DATE:
21/08/2010
A potential runner in the 2011 Belarusian presidential elections, Liberal Democratic Party Leader Sergei Gaidukevich, has promised to form a confederation with Russia if he becomes president.
The next Belarusian presidential elections must be held before February 6 2011, according to Belarusian law.
"We must search for Belarusian sovereignty in Russia and...think about a confederation - a common currency and a united military," Gaidukevich said at a party conference on Saturday.
He criticized the Belarusian leadership for dragging its feet on the introduction of a common Russian-Belarusian currency.

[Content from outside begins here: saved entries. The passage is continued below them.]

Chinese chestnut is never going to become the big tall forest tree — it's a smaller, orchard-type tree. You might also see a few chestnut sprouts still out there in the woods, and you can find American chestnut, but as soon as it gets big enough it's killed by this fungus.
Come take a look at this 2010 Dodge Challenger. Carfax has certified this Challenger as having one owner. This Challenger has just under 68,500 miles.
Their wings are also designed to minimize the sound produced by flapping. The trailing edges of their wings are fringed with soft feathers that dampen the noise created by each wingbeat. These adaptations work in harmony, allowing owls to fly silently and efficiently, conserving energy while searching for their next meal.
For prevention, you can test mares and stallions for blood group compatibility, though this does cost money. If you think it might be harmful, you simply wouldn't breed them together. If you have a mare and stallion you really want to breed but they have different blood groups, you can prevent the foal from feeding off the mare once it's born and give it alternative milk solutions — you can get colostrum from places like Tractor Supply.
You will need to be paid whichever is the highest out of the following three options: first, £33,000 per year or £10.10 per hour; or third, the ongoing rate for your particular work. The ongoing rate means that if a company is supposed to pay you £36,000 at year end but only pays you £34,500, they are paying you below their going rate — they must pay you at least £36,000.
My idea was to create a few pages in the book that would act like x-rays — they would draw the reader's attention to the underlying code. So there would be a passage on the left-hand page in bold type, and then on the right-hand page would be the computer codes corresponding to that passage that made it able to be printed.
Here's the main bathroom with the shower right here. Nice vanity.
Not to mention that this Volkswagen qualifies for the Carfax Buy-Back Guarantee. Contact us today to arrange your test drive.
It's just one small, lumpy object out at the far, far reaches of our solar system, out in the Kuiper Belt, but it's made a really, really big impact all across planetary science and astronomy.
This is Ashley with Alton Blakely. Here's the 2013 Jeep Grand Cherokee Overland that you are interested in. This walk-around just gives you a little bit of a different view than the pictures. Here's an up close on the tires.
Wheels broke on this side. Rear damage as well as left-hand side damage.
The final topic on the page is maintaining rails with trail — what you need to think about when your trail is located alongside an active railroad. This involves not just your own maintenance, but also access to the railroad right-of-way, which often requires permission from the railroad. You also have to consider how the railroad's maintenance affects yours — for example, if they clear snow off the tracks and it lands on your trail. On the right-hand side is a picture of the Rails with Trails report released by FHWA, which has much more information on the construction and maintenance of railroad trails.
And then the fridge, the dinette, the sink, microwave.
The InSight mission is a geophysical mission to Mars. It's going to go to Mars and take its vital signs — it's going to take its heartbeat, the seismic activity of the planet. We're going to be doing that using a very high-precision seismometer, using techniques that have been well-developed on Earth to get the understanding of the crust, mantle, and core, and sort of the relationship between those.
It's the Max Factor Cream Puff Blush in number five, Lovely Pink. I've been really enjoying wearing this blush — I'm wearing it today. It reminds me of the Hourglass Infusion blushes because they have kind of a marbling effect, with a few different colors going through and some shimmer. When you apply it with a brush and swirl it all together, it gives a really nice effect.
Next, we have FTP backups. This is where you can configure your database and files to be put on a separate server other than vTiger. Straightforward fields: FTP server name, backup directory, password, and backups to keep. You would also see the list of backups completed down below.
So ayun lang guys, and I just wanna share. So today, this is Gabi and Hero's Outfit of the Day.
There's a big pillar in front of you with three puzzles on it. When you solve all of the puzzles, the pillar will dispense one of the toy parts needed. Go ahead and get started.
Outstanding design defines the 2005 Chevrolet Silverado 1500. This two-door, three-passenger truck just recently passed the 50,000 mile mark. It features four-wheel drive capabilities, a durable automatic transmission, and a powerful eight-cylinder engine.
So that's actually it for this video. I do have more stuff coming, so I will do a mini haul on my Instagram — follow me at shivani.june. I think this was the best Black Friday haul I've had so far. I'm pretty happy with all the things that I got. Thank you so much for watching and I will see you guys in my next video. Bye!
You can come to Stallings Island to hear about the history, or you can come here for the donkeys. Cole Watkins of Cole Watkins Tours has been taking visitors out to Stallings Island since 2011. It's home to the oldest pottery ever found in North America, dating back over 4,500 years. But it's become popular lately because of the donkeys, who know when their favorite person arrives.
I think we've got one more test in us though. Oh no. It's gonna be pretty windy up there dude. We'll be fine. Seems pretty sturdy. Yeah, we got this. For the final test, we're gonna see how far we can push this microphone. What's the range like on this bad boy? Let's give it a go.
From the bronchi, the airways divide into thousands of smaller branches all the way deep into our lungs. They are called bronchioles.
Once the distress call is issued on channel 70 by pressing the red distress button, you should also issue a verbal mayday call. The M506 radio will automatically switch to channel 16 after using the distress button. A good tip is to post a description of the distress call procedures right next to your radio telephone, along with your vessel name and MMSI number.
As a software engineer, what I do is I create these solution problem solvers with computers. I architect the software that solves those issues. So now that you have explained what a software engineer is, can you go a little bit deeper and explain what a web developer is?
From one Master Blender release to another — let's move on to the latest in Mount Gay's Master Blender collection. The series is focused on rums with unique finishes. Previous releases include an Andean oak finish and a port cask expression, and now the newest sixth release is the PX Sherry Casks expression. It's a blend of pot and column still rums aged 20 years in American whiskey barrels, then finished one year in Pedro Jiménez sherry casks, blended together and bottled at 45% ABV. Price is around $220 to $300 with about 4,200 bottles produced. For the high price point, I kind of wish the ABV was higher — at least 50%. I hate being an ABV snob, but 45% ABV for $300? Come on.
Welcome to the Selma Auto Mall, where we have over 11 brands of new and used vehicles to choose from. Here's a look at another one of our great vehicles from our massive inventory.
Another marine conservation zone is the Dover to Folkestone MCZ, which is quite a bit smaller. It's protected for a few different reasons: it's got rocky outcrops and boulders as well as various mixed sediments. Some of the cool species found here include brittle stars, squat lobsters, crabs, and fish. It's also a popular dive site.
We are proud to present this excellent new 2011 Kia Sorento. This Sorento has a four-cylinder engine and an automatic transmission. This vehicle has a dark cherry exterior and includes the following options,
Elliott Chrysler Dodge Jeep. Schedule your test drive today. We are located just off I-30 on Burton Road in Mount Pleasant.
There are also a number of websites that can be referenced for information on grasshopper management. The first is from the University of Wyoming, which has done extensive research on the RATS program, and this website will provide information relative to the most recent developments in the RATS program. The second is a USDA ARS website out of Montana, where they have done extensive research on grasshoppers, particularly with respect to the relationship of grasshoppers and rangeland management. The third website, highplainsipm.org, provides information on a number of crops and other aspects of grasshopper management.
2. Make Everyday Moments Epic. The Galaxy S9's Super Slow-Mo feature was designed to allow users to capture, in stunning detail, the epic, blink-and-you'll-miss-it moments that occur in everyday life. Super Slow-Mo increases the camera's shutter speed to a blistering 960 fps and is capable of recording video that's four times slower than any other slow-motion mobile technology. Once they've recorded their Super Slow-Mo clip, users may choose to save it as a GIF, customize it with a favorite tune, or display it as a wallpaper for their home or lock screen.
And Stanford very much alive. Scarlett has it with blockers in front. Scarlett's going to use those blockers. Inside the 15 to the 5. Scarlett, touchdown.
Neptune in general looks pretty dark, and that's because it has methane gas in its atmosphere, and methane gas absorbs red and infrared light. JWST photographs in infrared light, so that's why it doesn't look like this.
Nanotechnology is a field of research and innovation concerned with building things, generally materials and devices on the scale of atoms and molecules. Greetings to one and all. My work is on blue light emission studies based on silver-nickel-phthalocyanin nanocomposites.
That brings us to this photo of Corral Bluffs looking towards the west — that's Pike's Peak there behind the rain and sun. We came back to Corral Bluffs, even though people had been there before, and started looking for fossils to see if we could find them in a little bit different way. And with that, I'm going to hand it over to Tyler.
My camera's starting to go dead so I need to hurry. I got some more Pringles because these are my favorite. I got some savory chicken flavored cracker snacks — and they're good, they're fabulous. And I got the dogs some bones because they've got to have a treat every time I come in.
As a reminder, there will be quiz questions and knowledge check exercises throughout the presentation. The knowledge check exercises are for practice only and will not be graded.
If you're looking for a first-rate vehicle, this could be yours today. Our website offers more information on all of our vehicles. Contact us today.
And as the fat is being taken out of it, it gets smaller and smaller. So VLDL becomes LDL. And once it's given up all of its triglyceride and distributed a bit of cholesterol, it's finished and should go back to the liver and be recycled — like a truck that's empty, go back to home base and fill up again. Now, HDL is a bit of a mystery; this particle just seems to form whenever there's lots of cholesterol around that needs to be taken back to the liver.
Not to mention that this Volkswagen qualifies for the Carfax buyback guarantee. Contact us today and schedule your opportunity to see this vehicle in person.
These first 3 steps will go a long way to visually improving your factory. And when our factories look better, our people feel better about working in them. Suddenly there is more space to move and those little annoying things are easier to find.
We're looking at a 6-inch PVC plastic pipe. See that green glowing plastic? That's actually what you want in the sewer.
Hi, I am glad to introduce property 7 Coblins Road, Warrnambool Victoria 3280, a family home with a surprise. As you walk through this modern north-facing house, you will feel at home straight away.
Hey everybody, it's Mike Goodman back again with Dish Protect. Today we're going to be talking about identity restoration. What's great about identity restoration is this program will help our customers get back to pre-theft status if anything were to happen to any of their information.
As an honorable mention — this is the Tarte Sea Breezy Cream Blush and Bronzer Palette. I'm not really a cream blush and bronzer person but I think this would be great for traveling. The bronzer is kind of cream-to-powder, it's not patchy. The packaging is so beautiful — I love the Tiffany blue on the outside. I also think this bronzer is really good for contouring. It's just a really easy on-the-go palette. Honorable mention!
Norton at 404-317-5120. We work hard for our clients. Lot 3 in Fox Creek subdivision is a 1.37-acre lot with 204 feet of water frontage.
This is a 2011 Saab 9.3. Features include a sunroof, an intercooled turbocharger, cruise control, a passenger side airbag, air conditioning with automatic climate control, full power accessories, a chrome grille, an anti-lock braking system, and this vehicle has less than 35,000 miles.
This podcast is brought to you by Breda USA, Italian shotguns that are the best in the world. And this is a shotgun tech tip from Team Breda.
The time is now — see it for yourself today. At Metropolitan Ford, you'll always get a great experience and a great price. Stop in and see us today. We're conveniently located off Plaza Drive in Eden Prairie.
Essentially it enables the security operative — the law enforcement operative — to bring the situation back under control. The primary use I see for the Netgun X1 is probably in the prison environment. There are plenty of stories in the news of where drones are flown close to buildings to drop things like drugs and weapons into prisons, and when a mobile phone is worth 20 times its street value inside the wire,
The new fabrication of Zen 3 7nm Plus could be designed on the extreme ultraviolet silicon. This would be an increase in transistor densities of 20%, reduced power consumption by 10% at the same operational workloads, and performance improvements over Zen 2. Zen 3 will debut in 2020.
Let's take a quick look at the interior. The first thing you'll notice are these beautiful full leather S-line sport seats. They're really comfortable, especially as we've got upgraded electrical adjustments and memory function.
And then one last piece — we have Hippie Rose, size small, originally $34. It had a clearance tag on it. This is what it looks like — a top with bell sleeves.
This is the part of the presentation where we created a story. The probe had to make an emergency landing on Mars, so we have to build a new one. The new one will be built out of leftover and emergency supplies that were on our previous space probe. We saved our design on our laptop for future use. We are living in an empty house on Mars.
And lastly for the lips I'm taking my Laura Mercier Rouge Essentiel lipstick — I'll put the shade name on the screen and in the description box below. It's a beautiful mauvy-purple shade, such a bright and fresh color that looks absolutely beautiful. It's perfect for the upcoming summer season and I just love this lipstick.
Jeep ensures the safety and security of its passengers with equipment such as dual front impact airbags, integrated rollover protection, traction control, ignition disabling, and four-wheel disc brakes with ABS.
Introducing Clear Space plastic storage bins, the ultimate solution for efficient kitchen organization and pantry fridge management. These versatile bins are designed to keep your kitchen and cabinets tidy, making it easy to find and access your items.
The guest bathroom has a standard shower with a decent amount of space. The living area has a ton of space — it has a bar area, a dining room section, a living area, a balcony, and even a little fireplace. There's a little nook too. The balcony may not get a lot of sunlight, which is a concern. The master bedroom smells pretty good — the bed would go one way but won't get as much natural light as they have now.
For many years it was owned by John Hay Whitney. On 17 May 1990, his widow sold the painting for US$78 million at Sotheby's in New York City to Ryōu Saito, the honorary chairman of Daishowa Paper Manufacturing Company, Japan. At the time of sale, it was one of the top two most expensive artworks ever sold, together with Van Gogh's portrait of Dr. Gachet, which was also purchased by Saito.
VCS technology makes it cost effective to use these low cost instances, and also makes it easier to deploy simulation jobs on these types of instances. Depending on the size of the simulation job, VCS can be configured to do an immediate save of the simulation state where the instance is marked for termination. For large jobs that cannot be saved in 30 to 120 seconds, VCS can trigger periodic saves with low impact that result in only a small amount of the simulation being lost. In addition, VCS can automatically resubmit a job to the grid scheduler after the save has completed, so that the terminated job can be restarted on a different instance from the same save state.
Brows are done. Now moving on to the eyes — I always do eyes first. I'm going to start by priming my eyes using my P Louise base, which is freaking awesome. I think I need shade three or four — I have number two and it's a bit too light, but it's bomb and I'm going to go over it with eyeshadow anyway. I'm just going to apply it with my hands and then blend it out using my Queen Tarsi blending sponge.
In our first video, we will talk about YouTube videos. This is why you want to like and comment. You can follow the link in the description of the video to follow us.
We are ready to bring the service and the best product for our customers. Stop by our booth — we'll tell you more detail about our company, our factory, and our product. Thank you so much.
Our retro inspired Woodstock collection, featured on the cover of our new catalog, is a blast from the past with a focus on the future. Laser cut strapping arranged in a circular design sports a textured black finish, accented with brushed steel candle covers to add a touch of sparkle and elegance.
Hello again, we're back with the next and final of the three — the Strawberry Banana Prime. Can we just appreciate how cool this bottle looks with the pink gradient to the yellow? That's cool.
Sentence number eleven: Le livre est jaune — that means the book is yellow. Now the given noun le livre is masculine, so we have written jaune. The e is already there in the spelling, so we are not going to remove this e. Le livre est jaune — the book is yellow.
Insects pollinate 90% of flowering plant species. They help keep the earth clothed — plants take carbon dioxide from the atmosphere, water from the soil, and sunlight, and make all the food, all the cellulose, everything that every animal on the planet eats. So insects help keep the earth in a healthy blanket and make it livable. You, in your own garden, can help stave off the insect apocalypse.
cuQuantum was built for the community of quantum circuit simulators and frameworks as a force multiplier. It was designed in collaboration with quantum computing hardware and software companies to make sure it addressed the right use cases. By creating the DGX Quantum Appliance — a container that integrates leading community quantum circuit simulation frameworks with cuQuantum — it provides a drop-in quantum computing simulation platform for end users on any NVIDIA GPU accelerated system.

Gaidukovich said he believed he was the only candidate with a real chance of running against incumbent President Alexander Lukashenko. The two men were the main contenders of the 2006 presidential elections.
In the mid-1990s, Moscow and Minsk formed the Union State of Russia and Belarus, a loose political entity of the two ex-Soviet states. But sicne Lukashenko rejected several Russian unification proposals, including the introduction of a common currency, the union remains largely on paper.
The creation of a Customs Union between Russia, Belarus and Kazakhstan has dealt another serious blow to the Union State project.
In 2009, relations between Belarus and Russia grew strained over a series of economic and political disputes, including Russian energy supplies, a milk export row and Lukashenko's reluctance to sign a deal to set up a post-Soviet rapid reaction force.
Relations were worsened this year by a gas dispute and, more recently, by Belarus's reluctance to join Russia in recognizing the independence of the former Georgian republics of South Ossetia and Abkhazia.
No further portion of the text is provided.